NEW DELHI: Rating agency ICRA on Friday said the supply chain shock due to the coronavirus pandemic will have negative impact for Indian auto component industry. The COVID-19 supply chain disruptions will manifest into a demand shock lasting multiple quarters for the domestic industry, ICRA said in a statement.

The rating agency, which undertook an extensive survey across key auto component importers and exporters to understand the impact of disruptions in the global auto component supply chain because of the pandemic, said it expects a significant scale down in exports over the next two quarters.

“Though most respondents felt that India stood to gain when global OEMs (original equipment manufacturers) eventually re-source their requirements in a bid to geographically de-risk their supply chain, there were reservations that competition from other countries would make this difficult,” it said.

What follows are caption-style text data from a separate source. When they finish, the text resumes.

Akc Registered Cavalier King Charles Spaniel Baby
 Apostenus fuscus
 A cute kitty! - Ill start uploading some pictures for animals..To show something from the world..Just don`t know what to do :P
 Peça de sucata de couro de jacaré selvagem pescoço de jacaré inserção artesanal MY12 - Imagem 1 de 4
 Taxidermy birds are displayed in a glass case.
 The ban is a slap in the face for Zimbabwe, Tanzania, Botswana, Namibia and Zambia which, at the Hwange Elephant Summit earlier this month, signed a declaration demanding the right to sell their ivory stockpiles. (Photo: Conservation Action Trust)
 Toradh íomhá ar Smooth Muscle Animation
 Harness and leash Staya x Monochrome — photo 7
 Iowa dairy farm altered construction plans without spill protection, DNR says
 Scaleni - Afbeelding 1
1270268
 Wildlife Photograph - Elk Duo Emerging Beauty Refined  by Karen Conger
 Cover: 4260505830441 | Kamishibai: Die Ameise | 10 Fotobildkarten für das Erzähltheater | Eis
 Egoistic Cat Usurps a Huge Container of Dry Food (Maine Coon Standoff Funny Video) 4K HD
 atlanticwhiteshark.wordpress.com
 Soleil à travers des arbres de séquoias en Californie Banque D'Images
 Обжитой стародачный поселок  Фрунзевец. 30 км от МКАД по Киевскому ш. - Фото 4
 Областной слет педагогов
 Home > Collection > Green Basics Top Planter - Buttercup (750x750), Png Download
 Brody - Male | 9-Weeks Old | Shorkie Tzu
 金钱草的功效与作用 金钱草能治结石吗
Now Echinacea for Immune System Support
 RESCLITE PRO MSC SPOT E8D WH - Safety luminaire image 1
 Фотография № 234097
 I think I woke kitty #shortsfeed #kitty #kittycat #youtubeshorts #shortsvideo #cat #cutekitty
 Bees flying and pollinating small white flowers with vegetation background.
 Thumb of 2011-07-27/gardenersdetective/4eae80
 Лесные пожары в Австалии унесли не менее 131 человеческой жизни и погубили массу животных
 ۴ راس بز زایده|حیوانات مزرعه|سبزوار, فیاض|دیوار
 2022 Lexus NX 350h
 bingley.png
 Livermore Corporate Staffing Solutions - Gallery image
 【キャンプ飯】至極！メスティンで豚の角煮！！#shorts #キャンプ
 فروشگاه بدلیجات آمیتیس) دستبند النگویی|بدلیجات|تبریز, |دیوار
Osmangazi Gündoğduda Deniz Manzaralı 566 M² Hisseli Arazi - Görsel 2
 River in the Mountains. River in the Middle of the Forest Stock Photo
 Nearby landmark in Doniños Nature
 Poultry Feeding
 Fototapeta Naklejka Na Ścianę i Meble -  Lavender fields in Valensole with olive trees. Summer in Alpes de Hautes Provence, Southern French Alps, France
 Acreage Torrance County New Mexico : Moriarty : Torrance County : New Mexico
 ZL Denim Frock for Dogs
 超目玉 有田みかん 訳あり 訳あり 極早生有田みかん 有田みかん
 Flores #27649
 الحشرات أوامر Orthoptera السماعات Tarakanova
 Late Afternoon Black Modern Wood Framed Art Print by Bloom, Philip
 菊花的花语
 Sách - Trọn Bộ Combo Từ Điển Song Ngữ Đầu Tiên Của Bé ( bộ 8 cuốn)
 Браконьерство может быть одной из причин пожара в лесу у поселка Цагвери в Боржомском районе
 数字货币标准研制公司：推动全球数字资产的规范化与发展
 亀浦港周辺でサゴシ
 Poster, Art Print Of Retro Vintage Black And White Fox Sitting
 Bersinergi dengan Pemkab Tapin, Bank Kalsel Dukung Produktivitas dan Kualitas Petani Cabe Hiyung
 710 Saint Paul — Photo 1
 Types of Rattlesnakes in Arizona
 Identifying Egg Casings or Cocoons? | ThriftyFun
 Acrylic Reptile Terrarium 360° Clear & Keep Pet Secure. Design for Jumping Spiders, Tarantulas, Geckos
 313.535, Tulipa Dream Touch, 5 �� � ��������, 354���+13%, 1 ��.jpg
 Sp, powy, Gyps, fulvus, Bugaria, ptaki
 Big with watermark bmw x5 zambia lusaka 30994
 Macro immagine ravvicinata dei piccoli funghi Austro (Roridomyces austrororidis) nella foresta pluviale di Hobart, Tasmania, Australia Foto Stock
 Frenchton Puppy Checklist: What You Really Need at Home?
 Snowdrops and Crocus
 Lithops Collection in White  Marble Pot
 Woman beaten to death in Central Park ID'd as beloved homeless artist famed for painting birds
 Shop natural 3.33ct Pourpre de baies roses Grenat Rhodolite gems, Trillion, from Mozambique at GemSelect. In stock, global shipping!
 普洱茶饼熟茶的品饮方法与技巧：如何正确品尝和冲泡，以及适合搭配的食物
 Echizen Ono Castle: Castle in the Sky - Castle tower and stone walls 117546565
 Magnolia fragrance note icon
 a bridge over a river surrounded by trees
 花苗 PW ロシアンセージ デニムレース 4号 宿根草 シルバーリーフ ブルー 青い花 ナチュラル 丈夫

Given the global slowdown, inventory build-up for export-oriented companies is expected in the coming months with a possible receivable stretch, it added.

Commenting on the scenario, ICRA Vice-President and Sector Head Pavethra Ponniah said, “COVID-19, which has so far disrupted the global complex auto-component supply chains and immediate term automotive demand, could manifest into a demand shock lasting multiple quarters for the domestic industry.”

As for the replacement demand, while the same would witness some pick-up, post the lockout, as system inventories are replenished, export demand for components will witness a sharp correction in 2020-21.

“Large-scale OEM plant closures in USA and Europe, apart from a global slowdown, will impact demand from India,” Ponniah said.

ICRA said that according to its ICRA’s channel check, responses indicate that over 70 per cent of the respondents have faced or are likely to face supply chain disruptions because of COVID-19. As many as 35 per cent of the respondents said there were no alternative sources of input material in the event of supply chain disruptions of this nature in China, largely for electronics.

Of the respondents who said that there were alternative sources globally, 47 per cent said it needed over 3 months, with approvals from OEMs, and would require substantial re-tooling costs and validation time/costs.

While the demand slowdown from COVID-19 has softened commodity prices, 35 per cent of the sample indicated that there were cost increases; the cost of electronic components has increased with supply disruption from China.

Ponniah said, “While the threat from China has started subsiding, after peaking in February 2020, risks emanating from USA and Europe, which are bigger cogs in the global supply chain will impact the industry in Q1 FY2021 and beyond.”

On a positive note, China, which reported its first COVID-19 patient on December 31, 2019, has resumed operations across the country, and also recently in the viral epicenter of Hubei, which is an auto component hub housing seven OEMs, 13 large auto ancillaries and over 10 electronic companies.

“According to ICRA’s findings, factory operations were restored to about 60 per cent, with some persistent absenteeism. Inter- and intra-province, along with port freight, has however been identified as a roadblock for exports from China,” Ponniah added.

ICRA said province-wide lockdowns and severe containment measures across China in January and February 20 lead to supply chain disruptions globally, given China’s role as the fourth-largest exporter of auto components. While China is limping back to a reduced state of normalcy, the global spread of COVID-19, to the USA and Europe, has created new disruptions.